▶ **What is required**: Leave the pictures out and give every entry again exactly.
◇ ◇ ◇ ◇ ◇
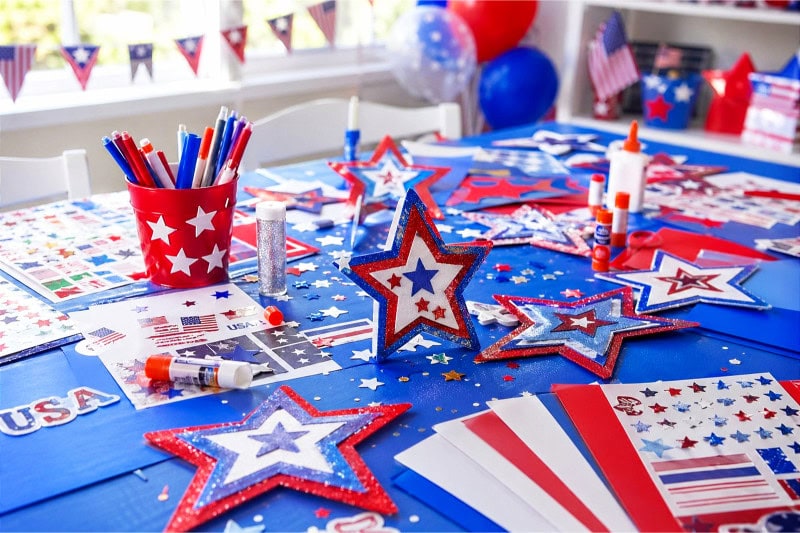 A craft station with red, white, and blue construction paper, patriotic stickers, and craft supplies arranged on a table for a kids' 4th of July party.
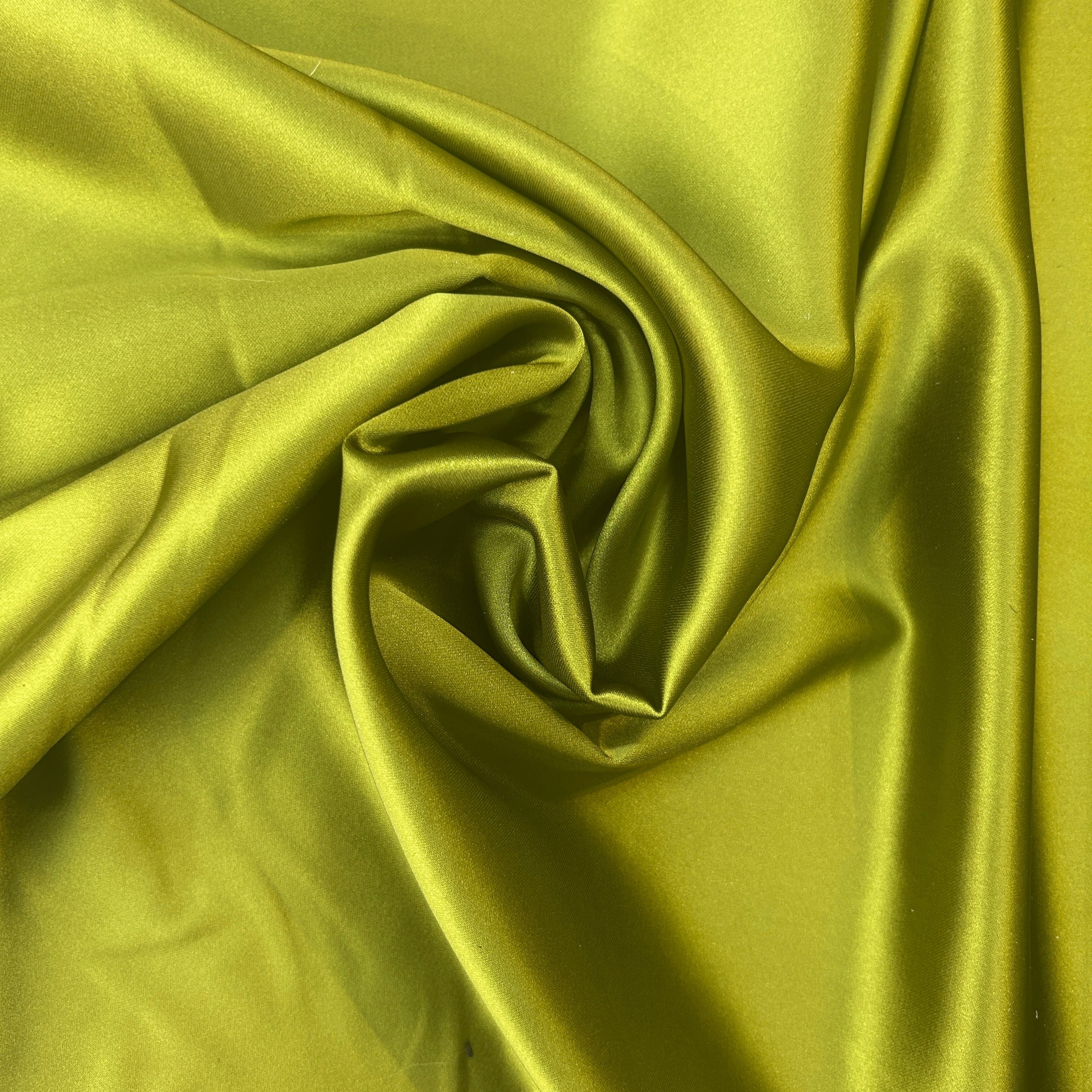 Close-up of green satin fabric with folds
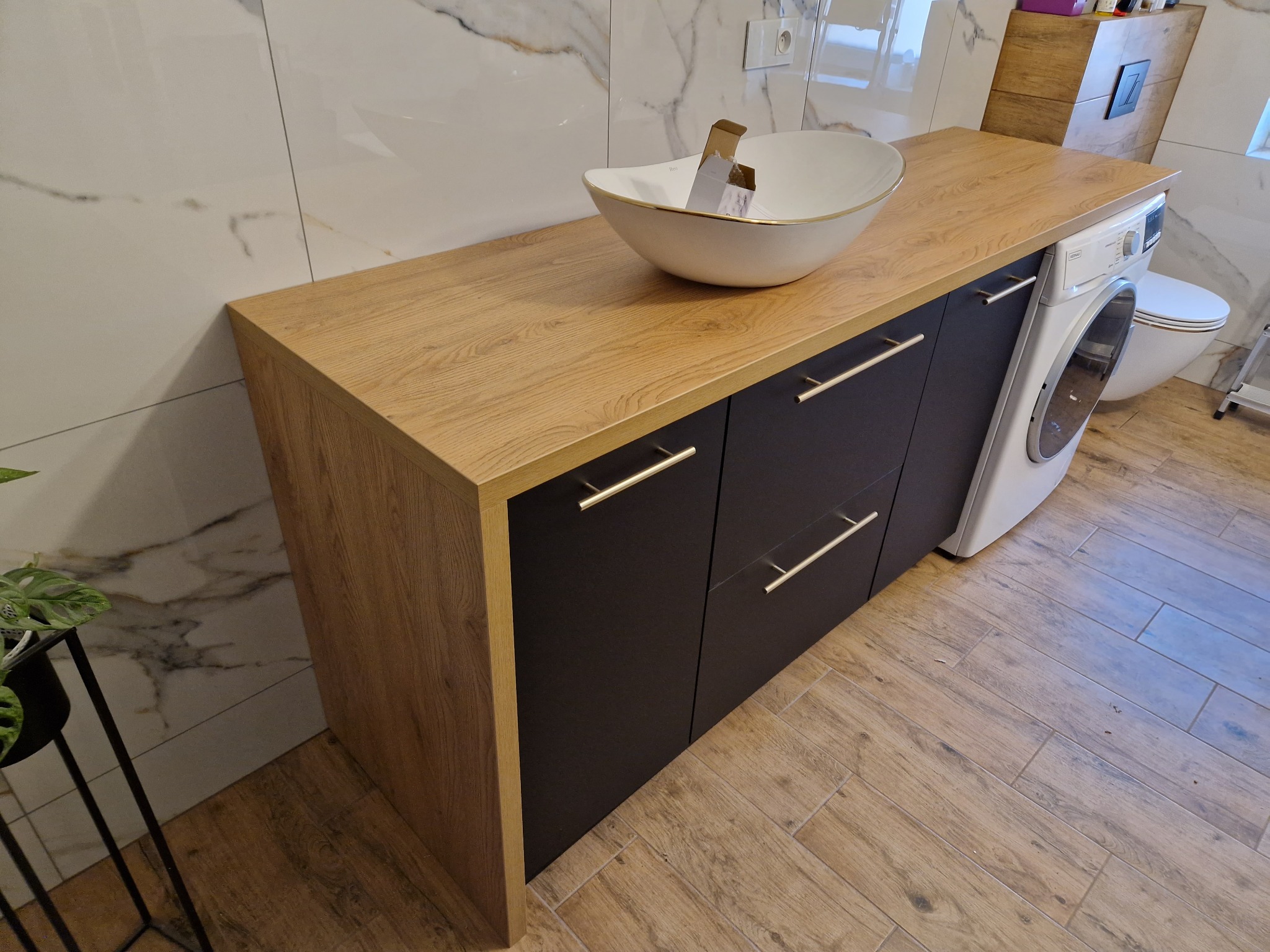 Łazienka z szafką na wymiar z blatem imitującym drewno, umywalką nablatową w kształcie łódki z złotym rantem, ciemnymi frontami szuflad z podłużnymi uchwytami, pralką i toaletą w tle.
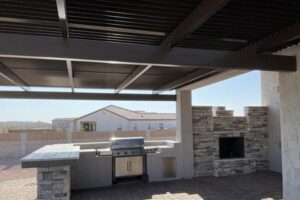 A grill sitting under an awning on top of a patio.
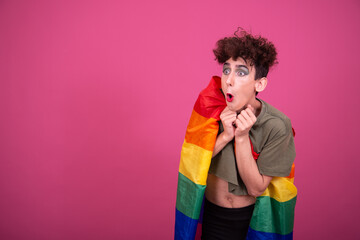 Make up. Funny drag queen posing in the studio on a pink background.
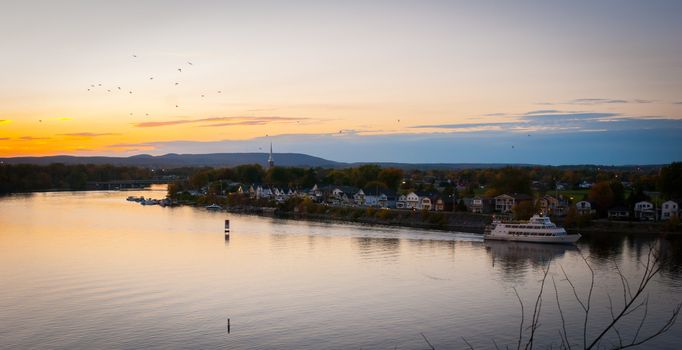 A riverboat of sight-seers cruise the river on a lovely warm summer evening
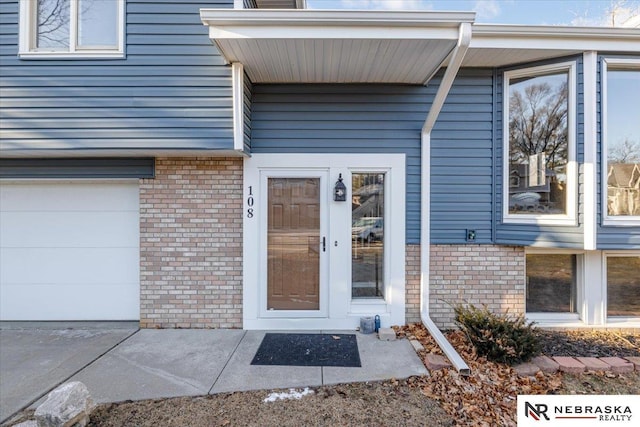 entrance to property with a garage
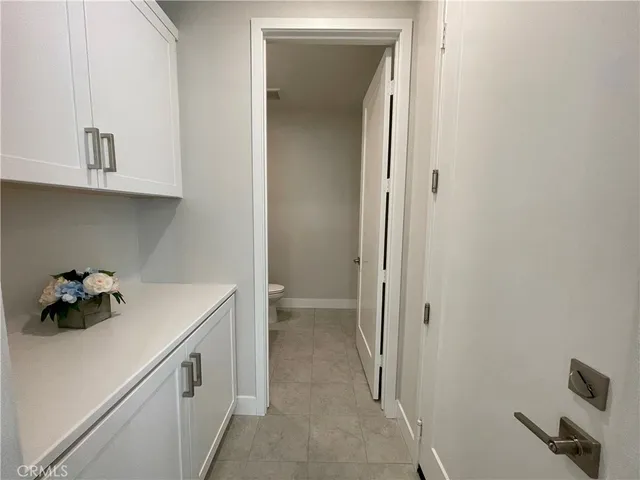 a view of storage utility and utility room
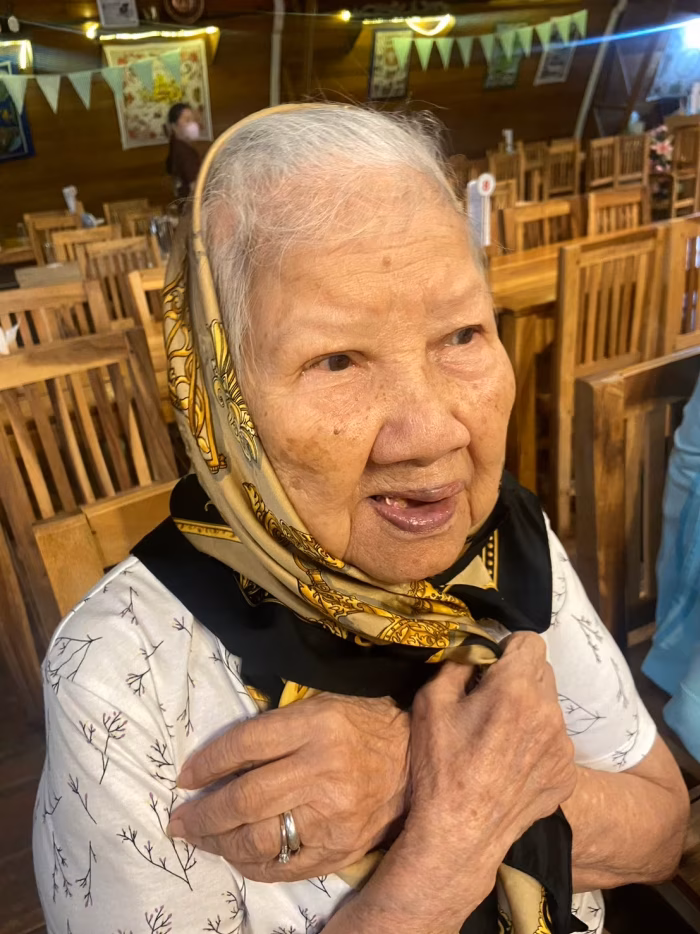 A resident in a headscarf, portrait.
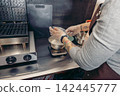 A barista prepares milk in a cafe. The person has tattoos and wears gloves while measuring ingredients on a scale. A waffle maker is visible in the background. 142445777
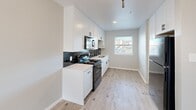 Located at 1221 W Miller Rd in Garland, TX, this single-story 2-bedroom, 1-bathroom home offers a clean, modern aesthetic throughout its thoughtfully designed floor plan. Light wood-look flooring flows consistently across all rooms, complementing the neutral gray walls and bright white trim that give the space a fresh, cohesive feel.

The kitchen is a standout feature, showcasing white shaker-style cabinetry with matte black hardware, a bold dark subway tile backsplash, light countertops, a stainless steel sink, and black appliances including a gas range and over-the-range microwave. A window above the sink area fills the kitchen with natural light and offers views of the surrounding area.

Both bedrooms are comfortably proportioned and include ceiling fans with light fixtures, windows with blinds for natural light and privacy, and white six-panel doors. The primary bedroom benefits from added closet space with a double-door closet. The second bedroom maintains the same clean finishes and bright atmosphere.

The bathroom is efficiently appointed with a tub/shower combo featuring white tile surround, matte black hardware and accessories, and a textured accent wall that adds depth to the space.

Throughout the home, consistent finishes and a neutral palette create a welcoming, move-in-ready environment well-suited for comfortable everyday living.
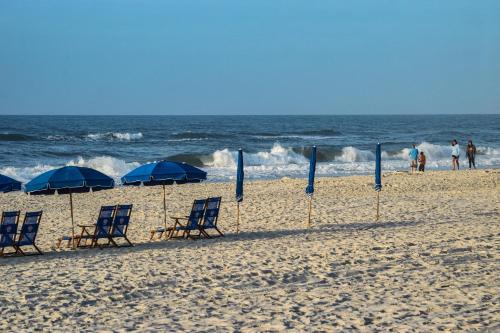 a group of chairs and umbrellas on a beach at The Beach is Only Steps Away (F2) BEACHFRONT - Sleeps 8 in Gulf Shores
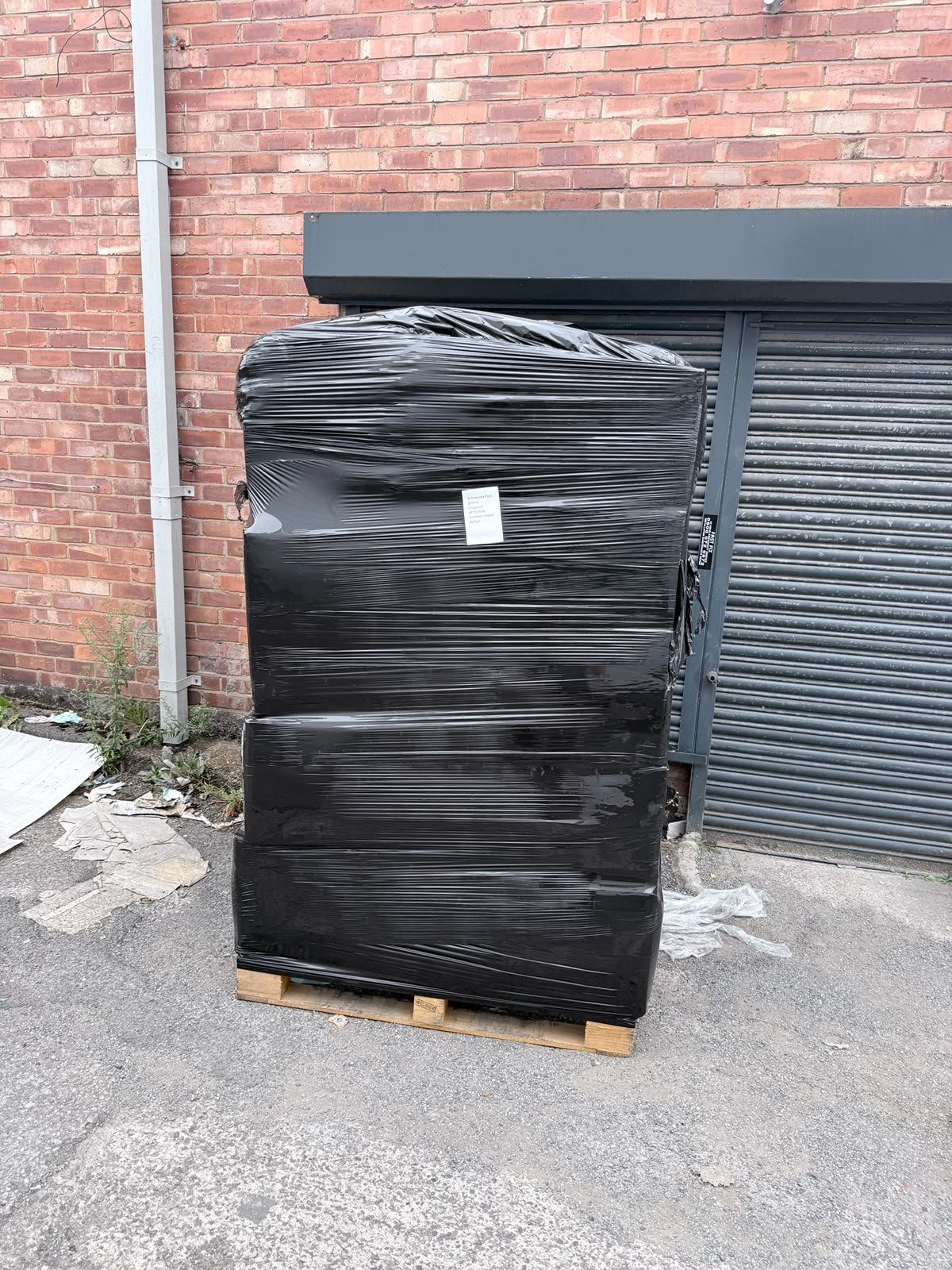 Shrink-wrapped pallet ready for UK wholesale delivery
◇ ◇ ◇ ◇ ◇
▶ **Result of the exercise**:
 A craft station with red, white, and blue construction paper, patriotic stickers, and craft supplies arranged on a table for a kids' 4th of July party.
 Close-up of green satin fabric with folds
 Łazienka z szafką na wymiar z blatem imitującym drewno, umywalką nablatową w kształcie łódki z złotym rantem, ciemnymi frontami szuflad z podłużnymi uchwytami, pralką i toaletą w tle.
 A grill sitting under an awning on top of a patio.
 Make up. Funny drag queen posing in the studio on a pink background.
 A riverboat of sight-seers cruise the river on a lovely warm summer evening
 entrance to property with a garage
 a view of storage utility and utility room
 A resident in a headscarf, portrait.
 A barista prepares milk in a cafe. The person has tattoos and wears gloves while measuring ingredients on a scale. A waffle maker is visible in the background. 142445777
 Located at 1221 W Miller Rd in Garland, TX, this single-story 2-bedroom, 1-bathroom home offers a clean, modern aesthetic throughout its thoughtfully designed floor plan. Light wood-look flooring flows consistently across all rooms, complementing the neutral gray walls and bright white trim that give the space a fresh, cohesive feel.

The kitchen is a standout feature, showcasing white shaker-style cabinetry with matte black hardware, a bold dark subway tile backsplash, light countertops, a stainless steel sink, and black appliances including a gas range and over-the-range microwave. A window above the sink area fills the kitchen with natural light and offers views of the surrounding area.

Both bedrooms are comfortably proportioned and include ceiling fans with light fixtures, windows with blinds for natural light and privacy, and white six-panel doors. The primary bedroom benefits from added closet space with a double-door closet. The second bedroom maintains the same clean finishes and bright atmosphere.

The bathroom is efficiently appointed with a tub/shower combo featuring white tile surround, matte black hardware and accessories, and a textured accent wall that adds depth to the space.

Throughout the home, consistent finishes and a neutral palette create a welcoming, move-in-ready environment well-suited for comfortable everyday living.
 a group of chairs and umbrellas on a beach at The Beach is Only Steps Away (F2) BEACHFRONT - Sleeps 8 in Gulf Shores
 Shrink-wrapped pallet ready for UK wholesale delivery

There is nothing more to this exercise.